_Problem description_.
Please return every entry below exactly as written, without any of its pictures.

_Data to use_.
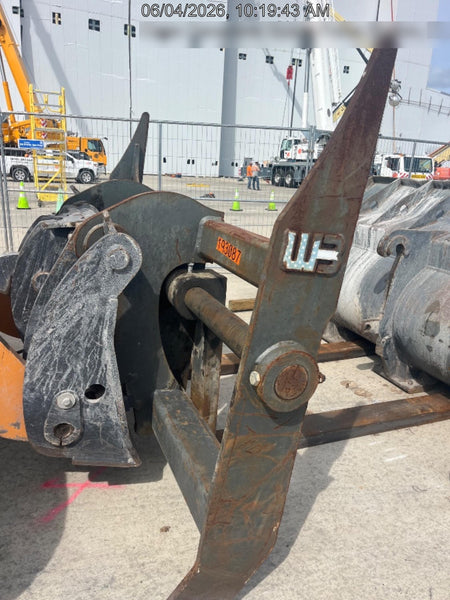 2019 WERK-BRAU 96" Loader Fork Carriage - Werk-Brau
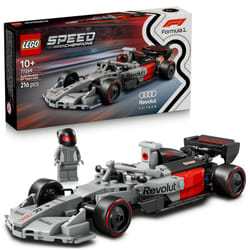 LEGO Speed Champions 77259 Voiture de course Audi Revolut F1® Team R26 - Set de construction de jouet pour amateurs de course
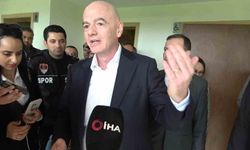 Gianni Infantino, İran Futbol Takımı ile Buluştu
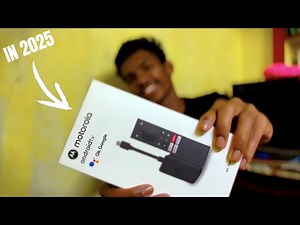 Motorola Android TV Box Unboxing & Review | Best Smart TV Box 2025 | Features, First Impressions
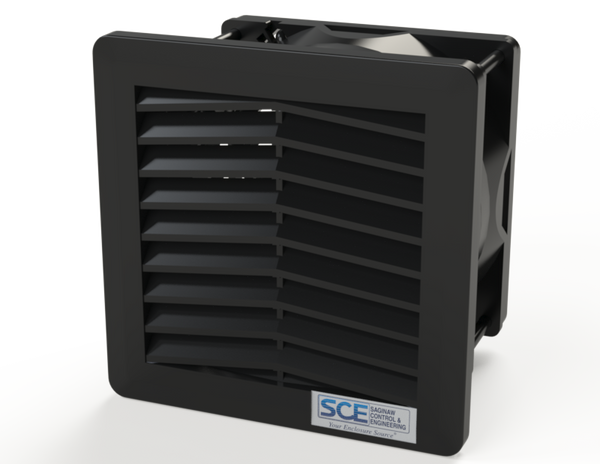 Saginaw SCE-N3RFA33 3R Filter Fan 120V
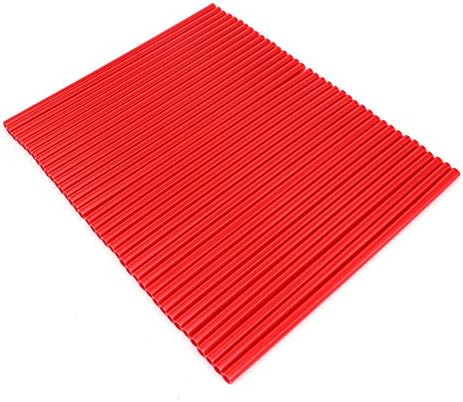 ZJTG AUTOMOTIVE Spokes Wraps Cover Protector Guard Skin for Honda CRF CR XR 125 250 300 230 500 red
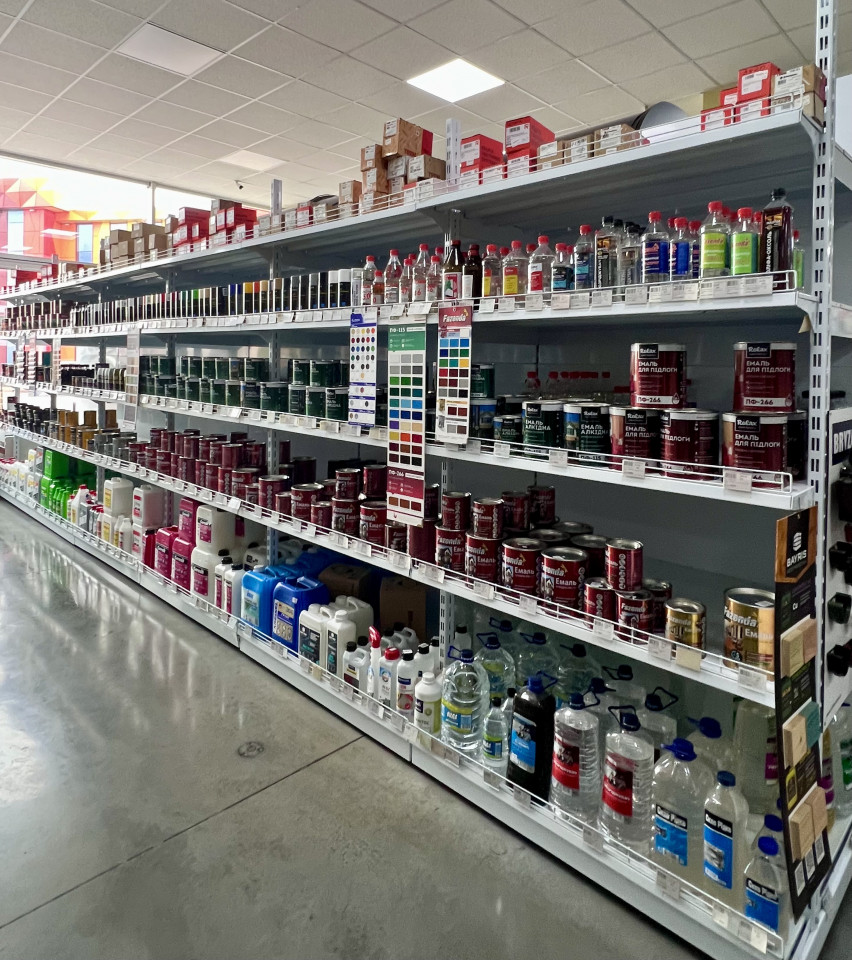 Магазин будівельних матеріалів DIMAX надійні рішення для ремонту та будівництва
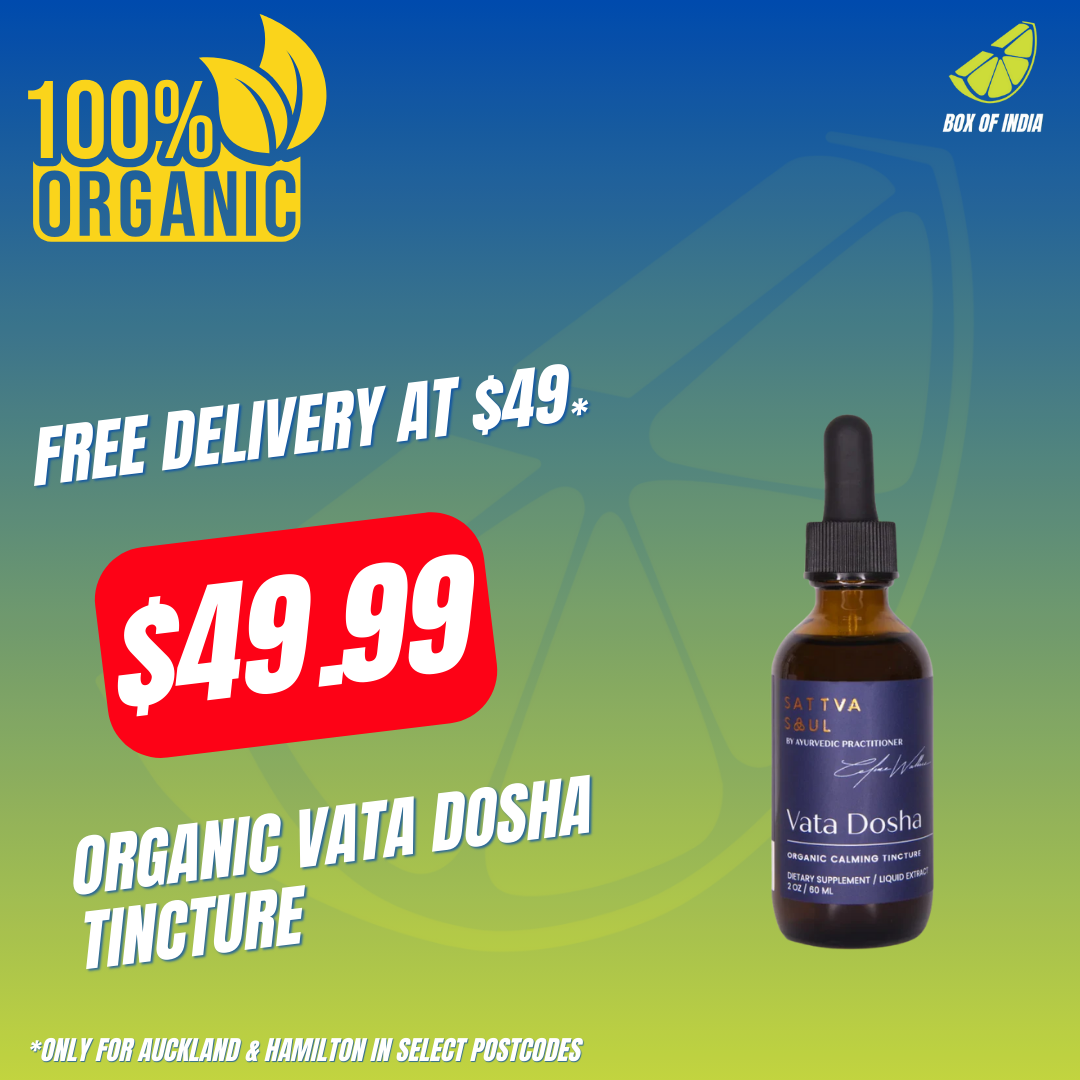 Organic Vata Dosha Tincture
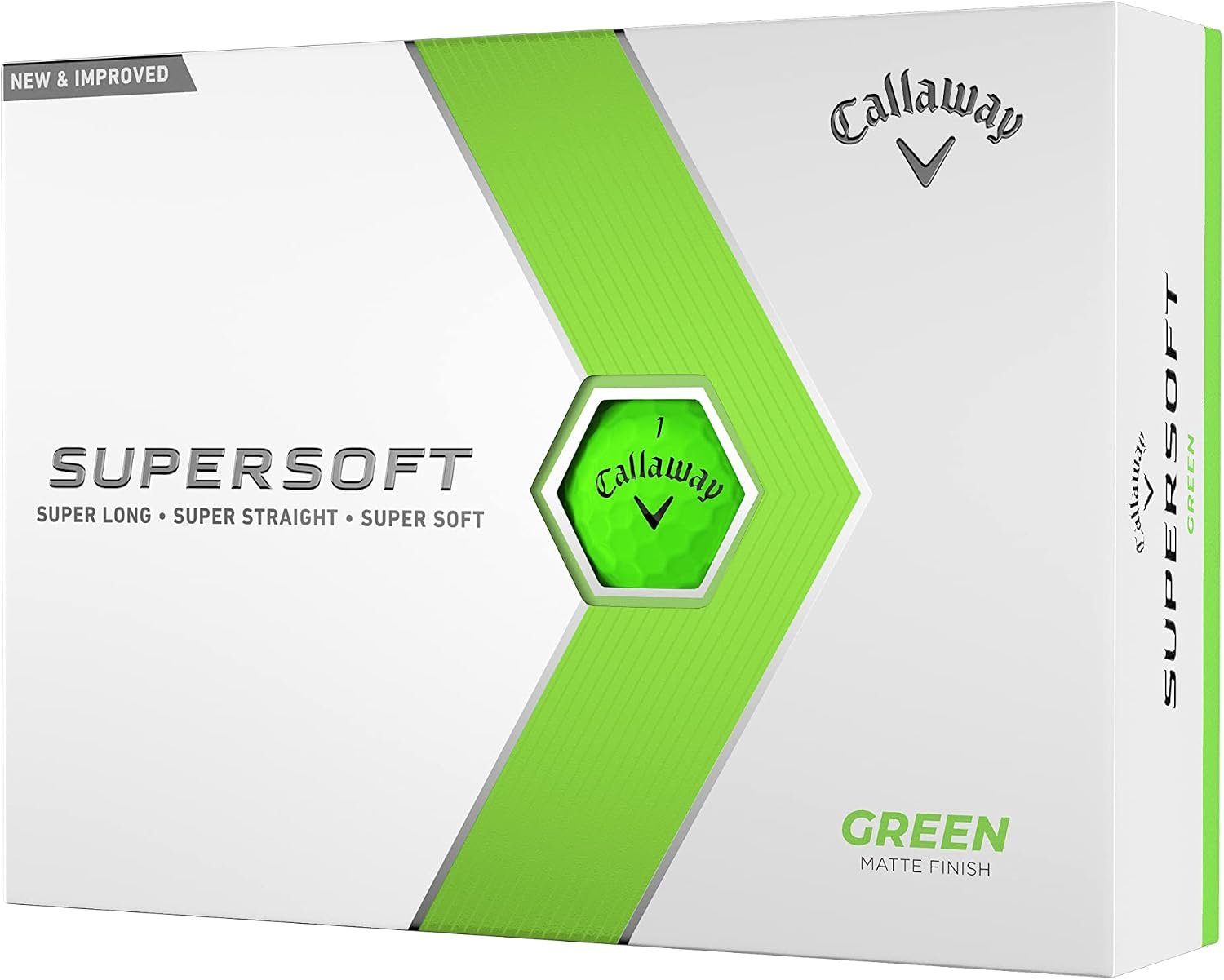 Callaway Golf Supersoft Golf Balls (2023)
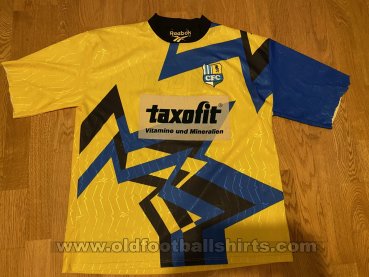 Chemnitzer FC Goalkeeper football shirt 1996 - 1997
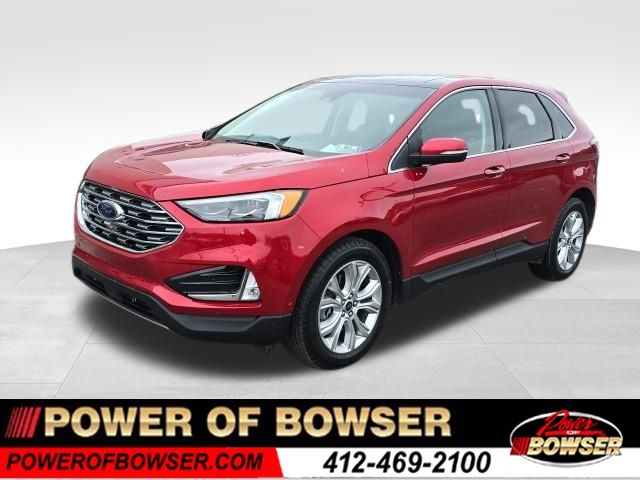 used 2020 Ford Edge car, priced at $19,999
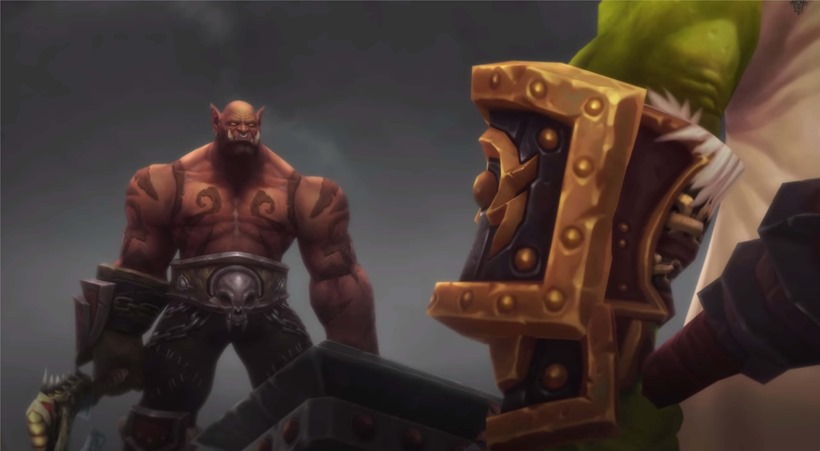 thrallvsgarrosh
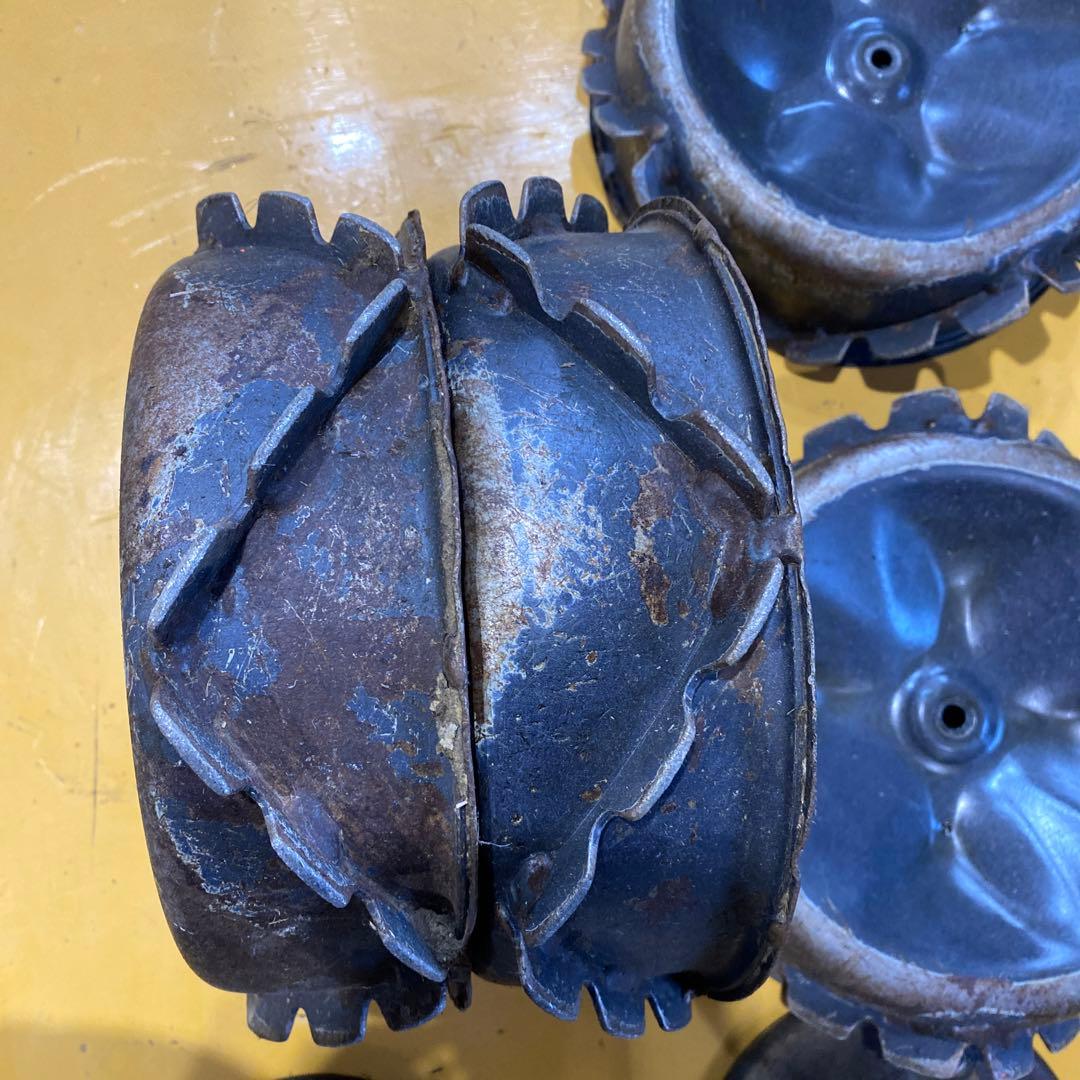 スパイダーモア　　車輪&ダストカバーセット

_Written solution_.
 2019 WERK-BRAU 96" Loader Fork Carriage - Werk-Brau
 LEGO Speed Champions 77259 Voiture de course Audi Revolut F1® Team R26 - Set de construction de jouet pour amateurs de course
 Gianni Infantino, İran Futbol Takımı ile Buluştu
 Motorola Android TV Box Unboxing & Review | Best Smart TV Box 2025 | Features, First Impressions
 Saginaw SCE-N3RFA33 3R Filter Fan 120V
 ZJTG AUTOMOTIVE Spokes Wraps Cover Protector Guard Skin for Honda CRF CR XR 125 250 300 230 500 red
 Магазин будівельних матеріалів DIMAX надійні рішення для ремонту та будівництва
 Organic Vata Dosha Tincture
 Callaway Golf Supersoft Golf Balls (2023)
 Chemnitzer FC Goalkeeper football shirt 1996 - 1997
 used 2020 Ford Edge car, priced at $19,999
 thrallvsgarrosh
 スパイダーモア　　車輪&ダストカバーセット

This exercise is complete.